El cáliz de Claudio: Mi segundo nombre


No hay nada más emocionante, incluso inquietante, que un encuentro inesperado. Aun cuando el mismo tiene lugar por un espacio, a priori tan frío como una red social. Uno pasa y repasa caracteres y fotografías similares hasta que, de improviso, una imagen te atrapa -tan radiante- desde tu propio pasado. Del que es tuyo y, sin embargo, creías haber olvidado. No como un propósito, sino como una evolución de los años.

He leído, visto y escuchado tanta exactitud, a tantos oradores, en sus recuerdos precisos de la infancia que siento rubor al confesar que no consigo recordar la fecha en que, por primera vez, mis sentidos se enfrentaron a la imagen que pueden contemplar en esta fotografía. Durante más de un tercio de mi vida, mis Viernes Santos estuvieron junto a Él, al amanecer, cuando el Imperio Romano (tal vez, mi anticipo de la Centuria que me cautivó en San Gil) subía la cuesta de la Parroquia hasta tres veces para prenderlo.

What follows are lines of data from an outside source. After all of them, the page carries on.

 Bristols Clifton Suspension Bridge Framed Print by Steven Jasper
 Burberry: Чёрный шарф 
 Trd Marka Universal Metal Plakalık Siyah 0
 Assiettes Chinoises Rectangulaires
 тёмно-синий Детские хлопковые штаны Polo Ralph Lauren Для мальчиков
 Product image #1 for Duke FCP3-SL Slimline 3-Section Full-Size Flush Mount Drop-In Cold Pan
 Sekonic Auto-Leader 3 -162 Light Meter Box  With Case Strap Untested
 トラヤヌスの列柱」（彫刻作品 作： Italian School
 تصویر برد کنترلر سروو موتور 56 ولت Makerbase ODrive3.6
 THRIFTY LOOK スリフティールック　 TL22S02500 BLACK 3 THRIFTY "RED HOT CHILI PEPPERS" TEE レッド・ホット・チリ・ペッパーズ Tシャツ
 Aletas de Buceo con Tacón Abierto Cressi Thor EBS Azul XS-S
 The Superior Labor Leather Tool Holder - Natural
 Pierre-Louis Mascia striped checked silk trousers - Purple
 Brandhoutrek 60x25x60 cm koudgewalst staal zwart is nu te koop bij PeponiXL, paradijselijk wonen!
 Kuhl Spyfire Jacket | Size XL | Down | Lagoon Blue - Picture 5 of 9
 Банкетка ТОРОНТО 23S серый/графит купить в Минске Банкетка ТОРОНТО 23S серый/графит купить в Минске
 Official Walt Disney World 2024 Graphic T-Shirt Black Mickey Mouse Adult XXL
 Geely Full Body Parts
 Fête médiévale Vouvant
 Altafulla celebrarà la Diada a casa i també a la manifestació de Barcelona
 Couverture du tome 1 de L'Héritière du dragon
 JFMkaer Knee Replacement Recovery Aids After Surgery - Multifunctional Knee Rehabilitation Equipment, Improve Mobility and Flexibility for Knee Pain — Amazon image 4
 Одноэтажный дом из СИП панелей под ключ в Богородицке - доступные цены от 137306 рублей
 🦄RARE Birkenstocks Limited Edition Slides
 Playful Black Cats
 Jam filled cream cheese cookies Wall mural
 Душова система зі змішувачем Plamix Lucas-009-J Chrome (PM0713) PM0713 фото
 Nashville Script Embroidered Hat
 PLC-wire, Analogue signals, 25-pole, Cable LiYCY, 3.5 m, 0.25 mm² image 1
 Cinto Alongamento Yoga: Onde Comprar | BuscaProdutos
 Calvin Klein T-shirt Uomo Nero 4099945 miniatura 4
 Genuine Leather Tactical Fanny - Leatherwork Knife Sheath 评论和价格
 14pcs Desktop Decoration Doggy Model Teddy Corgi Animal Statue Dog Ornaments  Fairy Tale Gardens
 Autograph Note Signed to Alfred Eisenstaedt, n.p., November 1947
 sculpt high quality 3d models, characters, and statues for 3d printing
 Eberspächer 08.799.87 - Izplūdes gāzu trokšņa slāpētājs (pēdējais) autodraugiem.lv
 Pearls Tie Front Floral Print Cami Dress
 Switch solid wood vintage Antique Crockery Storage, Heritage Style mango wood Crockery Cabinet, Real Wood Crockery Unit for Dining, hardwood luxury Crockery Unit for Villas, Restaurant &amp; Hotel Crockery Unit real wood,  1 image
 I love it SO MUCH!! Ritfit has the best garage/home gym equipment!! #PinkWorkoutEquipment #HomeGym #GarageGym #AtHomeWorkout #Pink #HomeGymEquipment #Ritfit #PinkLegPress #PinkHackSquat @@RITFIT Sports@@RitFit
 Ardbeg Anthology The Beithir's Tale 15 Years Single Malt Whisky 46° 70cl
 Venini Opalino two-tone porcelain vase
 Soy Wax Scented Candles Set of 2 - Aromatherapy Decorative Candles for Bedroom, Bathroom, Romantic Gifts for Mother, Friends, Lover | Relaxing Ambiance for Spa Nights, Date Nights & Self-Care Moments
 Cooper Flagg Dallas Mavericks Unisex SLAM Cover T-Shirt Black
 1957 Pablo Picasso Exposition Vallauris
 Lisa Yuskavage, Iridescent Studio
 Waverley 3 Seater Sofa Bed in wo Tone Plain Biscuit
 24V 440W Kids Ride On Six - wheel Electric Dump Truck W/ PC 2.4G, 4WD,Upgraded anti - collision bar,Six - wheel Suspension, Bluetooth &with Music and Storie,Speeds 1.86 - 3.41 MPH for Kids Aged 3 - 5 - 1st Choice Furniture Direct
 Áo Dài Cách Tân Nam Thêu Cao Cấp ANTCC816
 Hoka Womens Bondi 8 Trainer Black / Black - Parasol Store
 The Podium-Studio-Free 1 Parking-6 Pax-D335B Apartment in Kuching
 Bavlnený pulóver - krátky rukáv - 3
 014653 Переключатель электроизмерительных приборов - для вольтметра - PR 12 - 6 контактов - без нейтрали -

Todos recuerdan el momento en que su madre los vestía y yo sólo puedo recordarla a ella, anudando cuidadosamente el cíngulo. La Cruz de Santiago en la capa que me fascinaba. El aroma de aquella casa. Tal vez, sean los únicos recuerdos que guardan un olor y que parecen vívidos sin esfuerzo al recordar. La penumbra quejumbrosa de la casa de mi abuela que me parecía un castillo de proporciones monumentales. Los guantes blancos que habrían de convertirse, por arte de magia, en un elemento místico del ritual.

Luego venían los tambores y el umbral de Santa María del Soterraño me descubría al asombro, a un escalofrío infinito y desconocido. A querer ser tan afortunado como aquellos hombres que lo portaban a hombros y fueron la prefiguración exacta que me empujó hacia el costal. Luego llegábamos al llano y, con la dicha de estar cubierto, podía recrearse en el rostro de mi abuela contemplándolo. Había tantos detalles que nunca podré saber si sentíamos lo mismo, aunque siempre pensé que ella sentía más porque llevaba muchos años -nunca demasiados- haciéndolo.

La bendición traía en la distancia la imagen de mi abuelo (a mis abuelos nunca les gustaron las cofradías), con el encargo exacto que ella le había dispuesto. Y la primera hora de la tarde, de regreso al templo, me hacía apurar cada paso con nostalgia del anterior. Un día supe que mi segundo nombre se lo debía a Él y fue la primera vez en mi vida que comencé a apreciarlo.